Le pays a conclu un accord avec le FMI pour rééchelonner une dette de 44 milliards de dollars contractée en 2018, que le président Alberto Fernández jugeait «impayable». La contrepartie : moins de dépenses de l’Etat.
par François-Xavier Gomez
publié le 30 janvier 2022 à 17h36

«Nous avions la corde au cou», affirmait vendredi le président argentin en informant ses compatriotes de l’accord trouvé avec le Fonds monétaire international (FMI) au sujet de la dette du pays. Alberto Fernández n’exagérait pas : faute d’une renégociation, la troisième économie d’Amérique latine se serait retrouvée mardi en cessation de paiements.

Le ministre de l’Economie, Martín Guzmán, dialogue depuis plusieurs mois pour rééchelonner une dette de 44 milliards de dollars (environ 39,5 milliards d’euros) contractée en 2018 par le précédent gouvernement de droite de Mauricio Macri. Faute d’accord avec l’institution basée à Washington, l’Argentine aurait été confrontée à des remboursements, entre capital et intérêts, de plus de 19 milliards de dollars en 2022, autant en 2023, et environ 4 milliards en 2024. En 2021, 5,1 milliards d’euros ont déjà été versés.

«Nous avions une dette impayable qui nous laissait sans présent ni avenir, a poursuivi le président de centre gauche dans son allocution.

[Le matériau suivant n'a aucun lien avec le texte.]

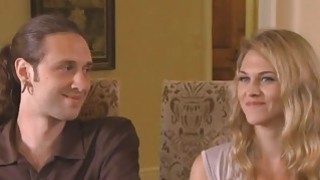 CJOD-262 Vào ngày rụng trứng, người phụ nữ đã kết hôn có bộ ngực lớn Tsubaki Rika, tràn đầy ham muốn và mồ hôi, đã dụ dỗ hàng xóm quan hệ tình dục và xuất tinh vào âm đạo với cô ấy. Tsubaki Rika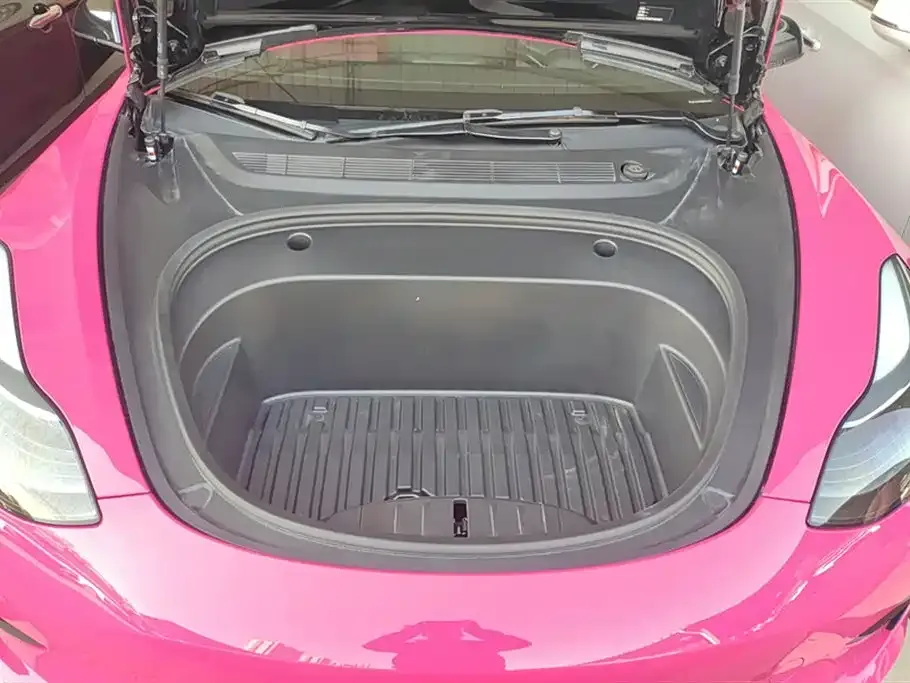Tesla Model 3 — фото 4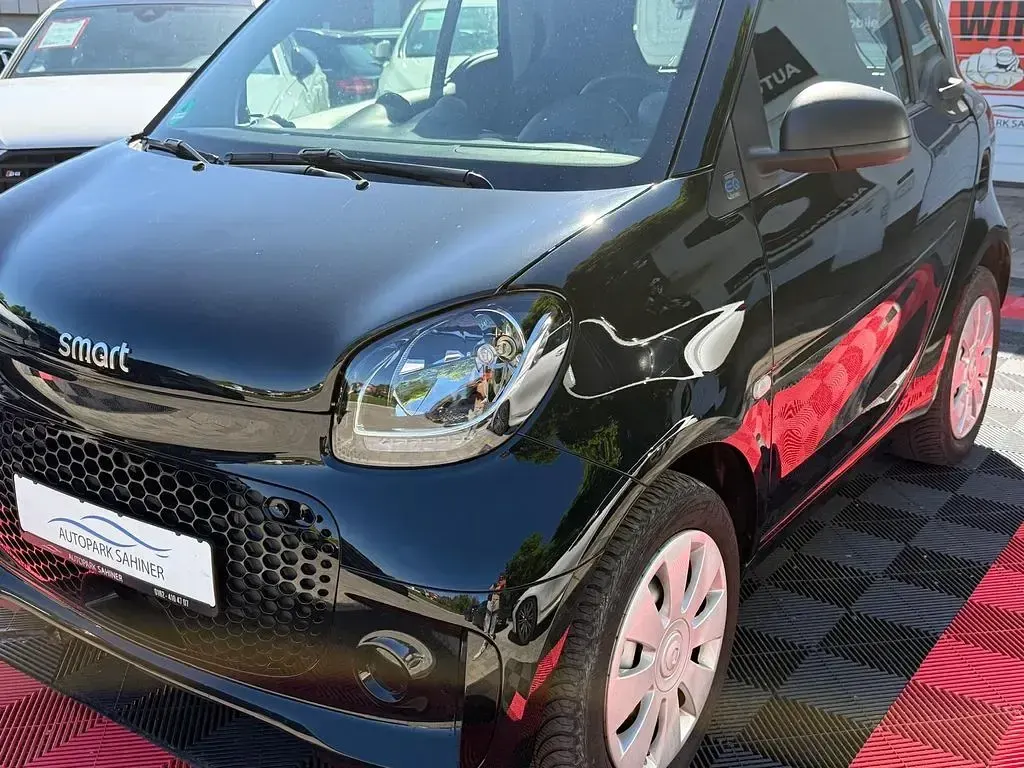 Gebraucht Smart ForTwo Electric Drive 60 kW (82 PS) 2021 Schwarz Coupé
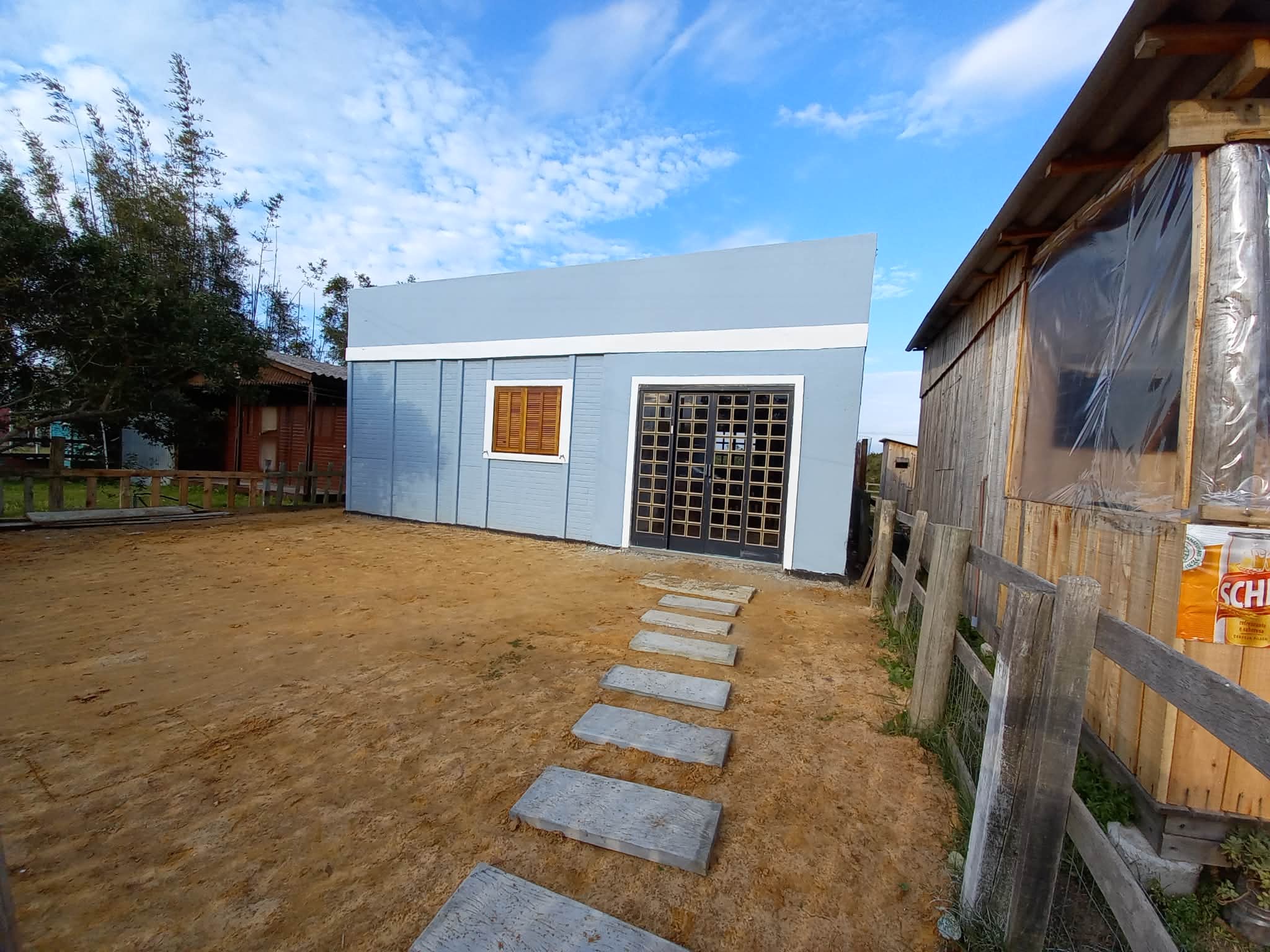 CASA CHAVE NA MÃO, COM GARAGEM - 258af795-f75d-4617-a76b-1158dace8be3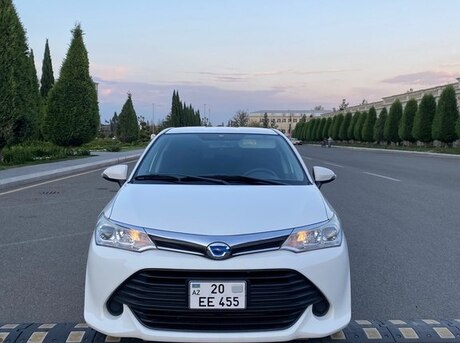 Toyota Corolla Fielder 2015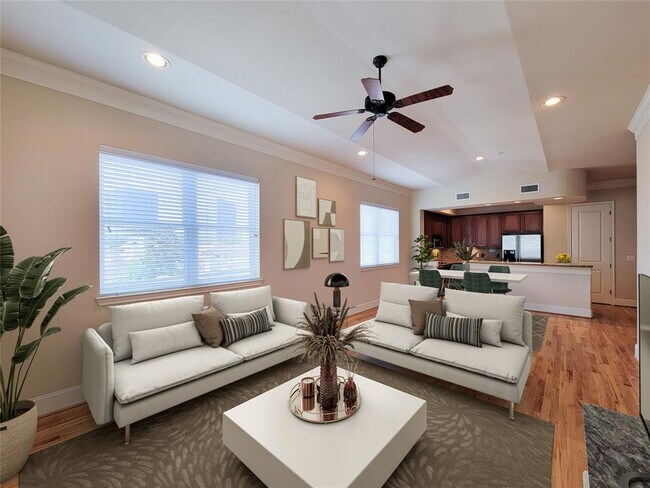 Building Photo - 58 Briar Hollow Ln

Nous avons maintenant un accord raisonnable qui va nous permettre de croître et de respecter nos obligations grâce à notre croissance.» L’Argentine a en effet retrouvé en 2021 la croissance après trois ans de récession : +10,3% sur onze mois.

«Sentier fiscal»

L’accord prévoit des «facilités élargies de paiement», mais les deux parties devront «encore travailler sur les protocoles d’accord et cela prendra quelques semaines», a souligné Martín Guzmán. Le calendrier des échéances, qui s’étaleront sur dix ans, «sera défini par les mémorandums» à venir, a-t-il ajouté.

Le FMI a salué un «accord sur des politiques clés», dont un «sentier de consolidation fiscale» : l’Argentine s’engage en effet à réduire progressivement son déficit fiscal de 3% en 2021 à 0,9% en 2024. Selon la directrice générale du Fonds monétaire, Kristalina Georgieva, l’accord, qui doit être encore approuvé par le conseil d’administration de l’institution et par les députés argentins, permettra de «relever les défis actuels tels que l’inflation, et assurer une croissance plus inclusive et durable pour le peuple argentin».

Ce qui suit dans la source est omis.